Illustration by Federico Manasse
Voted the best foreign player ever to feature in France’s Ligue 1 in 2012, Safet Sušić was also selected as the finest Paris Saint-Germain player in 2010 by esteemed magazine France Football. Over the course of nine scintillating seasons at the Parisian club, Sušić scored 96 goals in 343 appearances, contributing 61 assists to boot, leaving behind no prizes for guessing exactly why he had been honoured by the journalists in his adopted nation in such fashion.
But it wasn’t merely his goals and assists that marked Sušić out as a somebody special to watch or that helped to elevate him above the likes of modern stars Edin Džeko and Miralem Pjanić to be known as the greatest Bosnian footballer of all time.
With a style so elegant, a speed of thought and turn so sharp, observing Sušić was truly captivating. He made the ball move in extravagant ways, lent a beauty to football that made even the hardiest of ultras weak at the knees, and swept the most unromantic of PSG and Bosnian fans off their feet with his extraordinary deftness of touch.
Sušić won far fewer titles than he really ought to have for a player of such world-class talent, but while certain big names can sometimes be found guilty of underachieving, it wasn’t quite the case with him. It was more that Sušić found himself powerless to resist the challenge of moving against the grain.
During his time playing in the Yugoslav First League, a player of his technical and spiritual ability could easily have turned out for the dominant sides of Red Star and Partizan but, ever the fiery battler, Sušić opted to stick with FK Sarajevo to front his own noble cause. Backing himself, his ability and talent to shine through, he may not have lifted silverware with the club but he managed a feat far greater in his eyes: fortifying his own reputation and building a strong character that he would later come to rely upon.
While the big two traded title-winning duties, Sušić was busy winning over fans and constructing his own status as a player on another plateau, ultimately sharing the Yugoslav Footballer of the Year award with Velimir Zajec in 1979 as well as topping the goalscoring charts the following season.
His individual performances, where he netted 100 goals according to UEFA, earned him the opportunity to move to PSG, where he ultimately claimed the titles and winners medals his career had thus far lacked; getting his hands on the Coupe de France as well as the top-flight league crown. On the international stage with Yugoslavia, he was just as prolific, bagging 21 goals in 54 appearances, and he also played at the 1982 and 1990 FIFA World Cups, which bookended his featuring at Euro 84.
What stands out for his admirers, though, are the phenomenal series of hat-tricks he recorded in the space of a year-and-a-half against Romania, Italy and Argentina; cherished memories that teased the idea that he could have done so much more had he not retired from international football aged 35 with more still to give.

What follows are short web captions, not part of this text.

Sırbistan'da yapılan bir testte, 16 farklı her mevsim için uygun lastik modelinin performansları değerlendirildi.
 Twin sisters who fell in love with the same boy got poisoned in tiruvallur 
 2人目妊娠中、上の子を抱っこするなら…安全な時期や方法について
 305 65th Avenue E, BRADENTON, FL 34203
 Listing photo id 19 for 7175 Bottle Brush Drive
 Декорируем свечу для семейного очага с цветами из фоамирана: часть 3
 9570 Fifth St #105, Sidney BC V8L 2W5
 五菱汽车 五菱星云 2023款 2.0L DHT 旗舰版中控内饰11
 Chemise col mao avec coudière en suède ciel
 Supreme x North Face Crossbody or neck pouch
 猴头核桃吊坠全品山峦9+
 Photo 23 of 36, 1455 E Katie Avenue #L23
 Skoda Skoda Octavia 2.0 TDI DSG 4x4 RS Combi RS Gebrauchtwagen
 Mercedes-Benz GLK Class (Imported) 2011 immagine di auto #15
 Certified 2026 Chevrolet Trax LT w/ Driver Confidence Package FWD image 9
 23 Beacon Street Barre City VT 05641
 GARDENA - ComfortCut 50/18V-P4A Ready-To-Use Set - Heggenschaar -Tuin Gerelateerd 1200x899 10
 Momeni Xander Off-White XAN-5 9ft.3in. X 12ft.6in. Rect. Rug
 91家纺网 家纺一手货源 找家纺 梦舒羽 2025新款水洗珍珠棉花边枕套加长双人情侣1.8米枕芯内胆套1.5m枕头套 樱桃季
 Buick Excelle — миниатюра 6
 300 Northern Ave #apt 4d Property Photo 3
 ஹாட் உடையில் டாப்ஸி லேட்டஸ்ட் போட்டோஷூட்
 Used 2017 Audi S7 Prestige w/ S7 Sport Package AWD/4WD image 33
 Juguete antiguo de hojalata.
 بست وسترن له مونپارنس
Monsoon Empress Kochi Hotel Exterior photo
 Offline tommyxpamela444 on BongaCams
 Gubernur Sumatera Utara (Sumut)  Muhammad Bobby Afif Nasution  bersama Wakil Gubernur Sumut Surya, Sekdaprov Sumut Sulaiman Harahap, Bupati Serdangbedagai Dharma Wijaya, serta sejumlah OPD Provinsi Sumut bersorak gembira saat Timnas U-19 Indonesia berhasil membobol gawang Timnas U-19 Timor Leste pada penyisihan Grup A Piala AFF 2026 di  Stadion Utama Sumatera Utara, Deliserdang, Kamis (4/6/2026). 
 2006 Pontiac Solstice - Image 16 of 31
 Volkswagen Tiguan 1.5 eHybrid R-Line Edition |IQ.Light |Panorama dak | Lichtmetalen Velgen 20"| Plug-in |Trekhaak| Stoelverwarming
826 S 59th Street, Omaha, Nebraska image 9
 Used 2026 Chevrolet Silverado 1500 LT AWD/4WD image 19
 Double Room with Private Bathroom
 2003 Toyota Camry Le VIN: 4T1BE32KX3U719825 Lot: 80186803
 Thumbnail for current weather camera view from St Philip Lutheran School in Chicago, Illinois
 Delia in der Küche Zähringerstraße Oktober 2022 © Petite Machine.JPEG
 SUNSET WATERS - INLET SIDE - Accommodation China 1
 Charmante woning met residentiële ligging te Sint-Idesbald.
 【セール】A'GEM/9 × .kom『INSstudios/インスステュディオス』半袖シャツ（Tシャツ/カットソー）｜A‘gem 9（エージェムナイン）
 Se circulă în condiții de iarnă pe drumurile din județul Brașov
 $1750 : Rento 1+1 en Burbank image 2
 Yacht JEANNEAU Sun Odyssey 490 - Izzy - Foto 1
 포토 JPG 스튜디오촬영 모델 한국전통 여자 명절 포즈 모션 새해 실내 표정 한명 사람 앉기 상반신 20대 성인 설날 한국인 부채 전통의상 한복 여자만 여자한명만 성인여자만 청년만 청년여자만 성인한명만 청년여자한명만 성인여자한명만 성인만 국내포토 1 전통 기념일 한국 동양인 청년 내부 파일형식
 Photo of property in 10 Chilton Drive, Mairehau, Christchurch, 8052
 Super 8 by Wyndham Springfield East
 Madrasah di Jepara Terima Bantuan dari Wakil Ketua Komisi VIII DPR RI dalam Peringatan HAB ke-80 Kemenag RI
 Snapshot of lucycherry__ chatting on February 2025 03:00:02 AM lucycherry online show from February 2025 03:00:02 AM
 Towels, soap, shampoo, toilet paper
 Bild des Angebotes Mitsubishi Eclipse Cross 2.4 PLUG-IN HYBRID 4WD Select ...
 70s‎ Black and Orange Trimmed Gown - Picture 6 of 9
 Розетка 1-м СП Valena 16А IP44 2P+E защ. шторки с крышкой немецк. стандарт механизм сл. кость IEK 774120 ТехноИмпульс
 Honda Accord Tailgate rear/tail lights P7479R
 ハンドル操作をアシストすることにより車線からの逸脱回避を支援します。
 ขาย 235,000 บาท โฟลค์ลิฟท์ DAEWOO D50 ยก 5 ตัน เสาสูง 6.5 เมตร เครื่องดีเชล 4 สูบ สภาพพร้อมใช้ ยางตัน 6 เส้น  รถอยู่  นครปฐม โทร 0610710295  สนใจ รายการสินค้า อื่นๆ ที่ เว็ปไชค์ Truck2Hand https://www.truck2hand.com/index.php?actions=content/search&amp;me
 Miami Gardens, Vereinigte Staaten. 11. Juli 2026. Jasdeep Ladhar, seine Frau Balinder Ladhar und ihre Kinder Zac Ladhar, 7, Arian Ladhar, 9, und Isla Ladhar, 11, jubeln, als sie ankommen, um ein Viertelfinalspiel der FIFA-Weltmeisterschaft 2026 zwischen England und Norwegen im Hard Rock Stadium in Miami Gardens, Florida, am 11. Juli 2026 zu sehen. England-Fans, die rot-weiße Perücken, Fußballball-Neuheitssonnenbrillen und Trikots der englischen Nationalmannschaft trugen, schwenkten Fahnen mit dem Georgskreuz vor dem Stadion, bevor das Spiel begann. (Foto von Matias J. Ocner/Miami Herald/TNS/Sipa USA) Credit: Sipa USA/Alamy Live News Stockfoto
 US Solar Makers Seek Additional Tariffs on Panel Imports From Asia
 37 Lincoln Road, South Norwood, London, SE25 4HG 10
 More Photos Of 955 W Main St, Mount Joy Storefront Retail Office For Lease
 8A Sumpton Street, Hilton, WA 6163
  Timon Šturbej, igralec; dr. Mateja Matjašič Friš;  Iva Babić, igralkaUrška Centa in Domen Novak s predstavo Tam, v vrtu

A natural visionary on the pitch, with a knack of scoring spectacular goals, Sušić remains a revered figure in Bosnia, guiding the nation to their maiden World Cup appearance in 2014 as manager. His pirouettes, back-heels and incisive dribbling gave him an edge over his opponents time and again. Indeed, Vahid Halilhodžić once said of a player he competed against for a national team berth: “He’s the best player most of the world never saw.”
Any onlooker still unsure whether Sušić is worthy of being singled out for praise in place of compatriots Ivica Osim or Asim Ferhatović need look no further than his inclusion in the UEFA Jubilee Award as Bosnia’s most outstanding player of the past 50 years; a fitting achievement for a truly remarkable player.